L’elezione di Giovanni Malagò alla guida della FIGC riaccende uno dei temi più delicati del calcio italiano: quello della multiproprietà. Da Bari arriva un messaggio senza possibilità di equivoci. Il sindaco Vito Leccese dopo gli auguri istituzionali a Malagò estende un appello: “Ora non tradisca Bari”.

L’intervento del primo cittadino arriva dopo l’iniziativa assunta nelle scorse settimane dal Consiglio comunale di Bari. In quella circostanza era stato approvato all’unanimità un ordine del giorno ove si chiedeva alla FIGC di applicare rigorosamente le norme in materia di multiproprietà. Su mandato dell’assise cittadina, Leccese aveva scritto ai candidati alla presidenza federale chiedendo un impegno preciso sul rispetto delle regole già esistenti.

Nel suo intervento, il sindaco non ha nascosto la preoccupazione della piazza di Bari rispetto alle decisioni che verranno assunte: “Oggi più che mai la città di Bari guarda con attenzione alle scelte che saranno assunte dal nuovo vertice federale”. Leccese ha sottolineato come la credibilità dell’intero sistema calcio passi dal rispetto rigoroso delle regole e dalla tutela della pari dignità di tutte le società sportive. Un passaggio interpretabile come chiaro riferimento alla vicenda della multiproprietà De Laurentiis e alle incertezze che continuano ad accompagnare il futuro del club biancorosso.

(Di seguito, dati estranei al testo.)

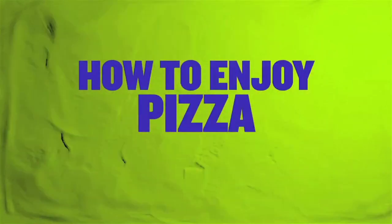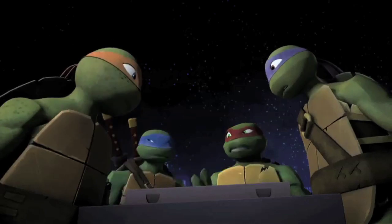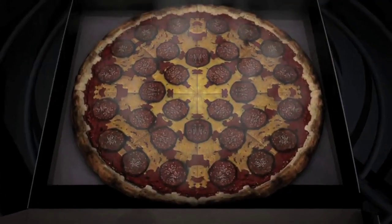And now, how to enjoy pizza. Ninja style. Careful, it could be dangerous. I'll try it.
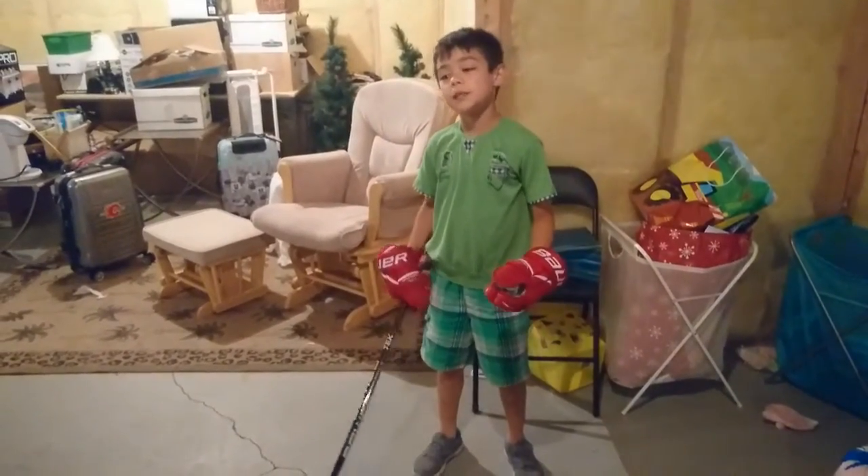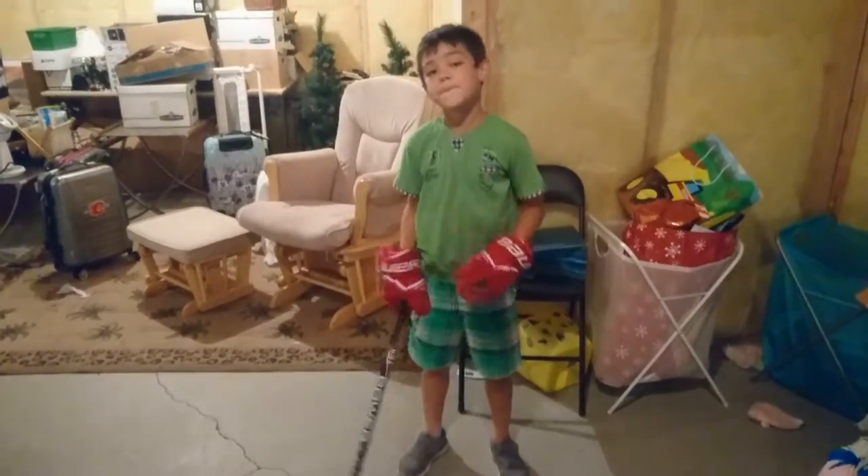If kids want to get better, you should shoot a hundred pucks a day, like me. Thank you.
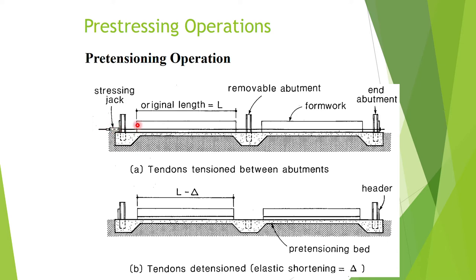Before jacking the steel, molds are already placed to cast the concrete, with holes for the steel to pass through. We put the formwork in first for the length of the structures we want to cast, then place the steel and jack it so the steel is in tension. After jacking and placing the mold, we pour the concrete and wait for it to harden.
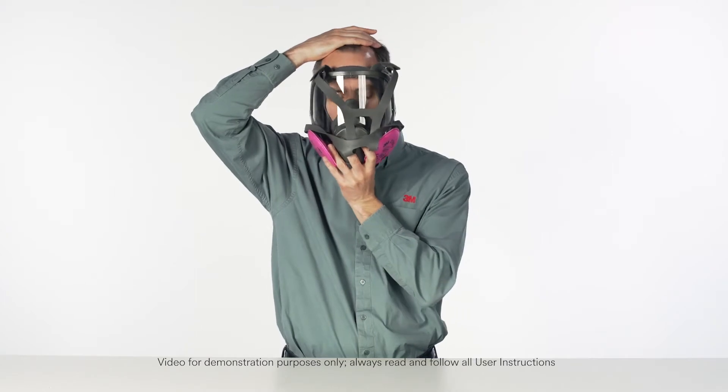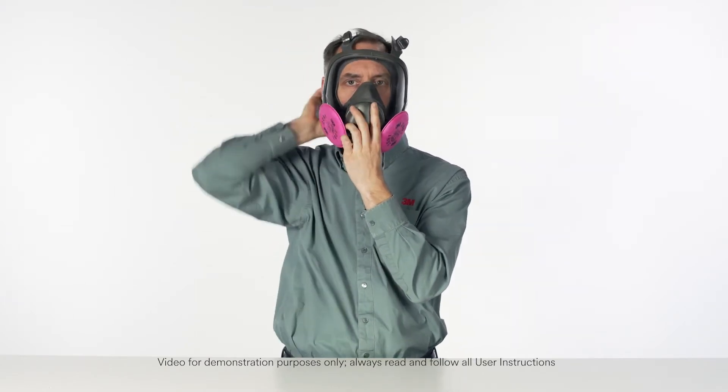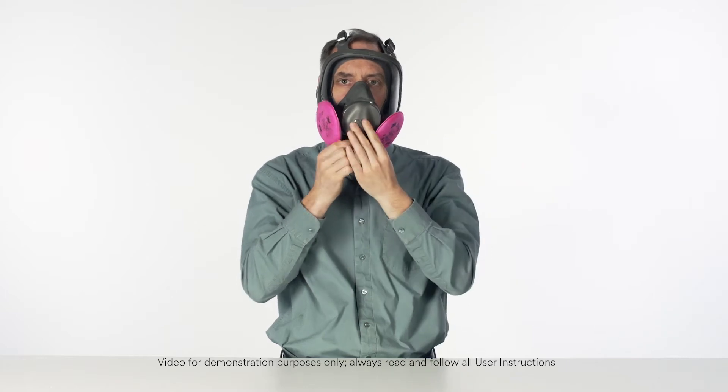If engineering controls or other measures are not sufficient, you can help reduce your exposure to certain airborne contaminants by wearing a respirator. Each time you wear a respirator, you must know the proper fitting procedures and follow them carefully.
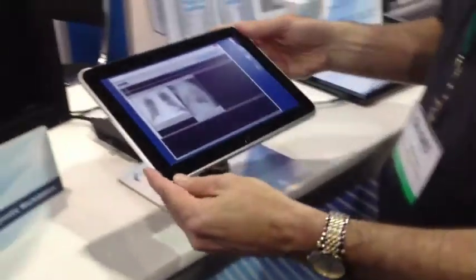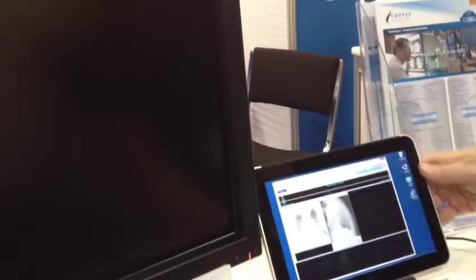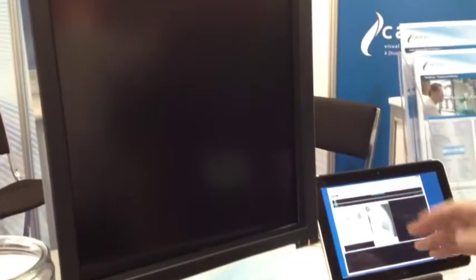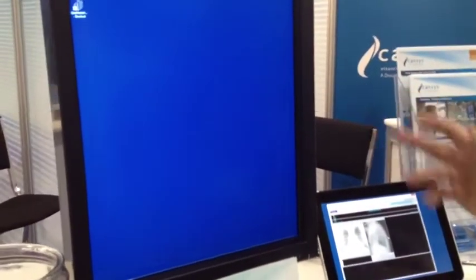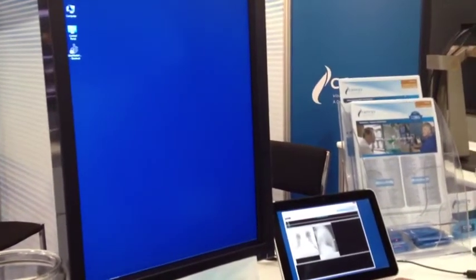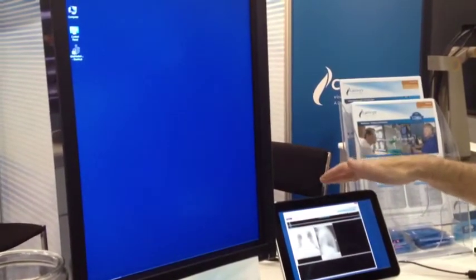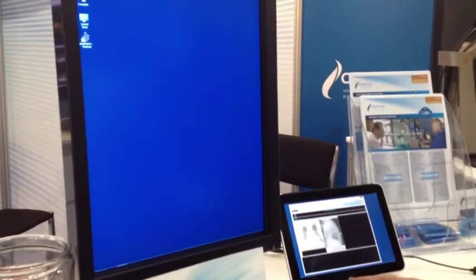What I can do is put this tablet into its docking station, which is connected to an Image Systems 2 megapixel diagnostic workstation. This diagnostic monitor is being driven by the tablet and is fully calibrated to DICOM.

Leccese affonda: “La retrocessione ha evidenziato i limiti del sistema”. Questo il passaggio più duro. Il sindaco non si nasconde, anzi sembrerebbe collegare direttamente la caduta del Bari in Serie C al modello gestionale della multiproprietà. La pazienza della tifoseria barese è ormai terminata – parola di Leccese e non solo –  e la richiesta della città è una sola: chiarezza.

La responsabilità precisa che viene affidata dal sindaco di Bari al nuovo presidente della FIGC è quella di garantire l’applicazione delle norme federali: “Siamo certi che il presidente Malagò saprà essere garante rigoroso delle regole vigenti, senza concedere spazio a ipotesi di proroghe o ammorbidimenti che risulterebbero inaccettabili”. Parole che assumono un peso particolare alla luce del sostegno che la famiglia De Laurentiis ha pubblicamente manifestato nei confronti della candidatura di Malagò.

Da Bari il messaggio è arrivato forte e chiaro: il nuovo presidente della FIGC sarà giudicato anche dalla capacità di garantire imparzialità e rigore su una questione che per la piazza biancorossa rappresenta ormai una priorità assoluta perché come ha concluso lo stesso Leccese: “Il tempo dell’attesa per Bari è finito”.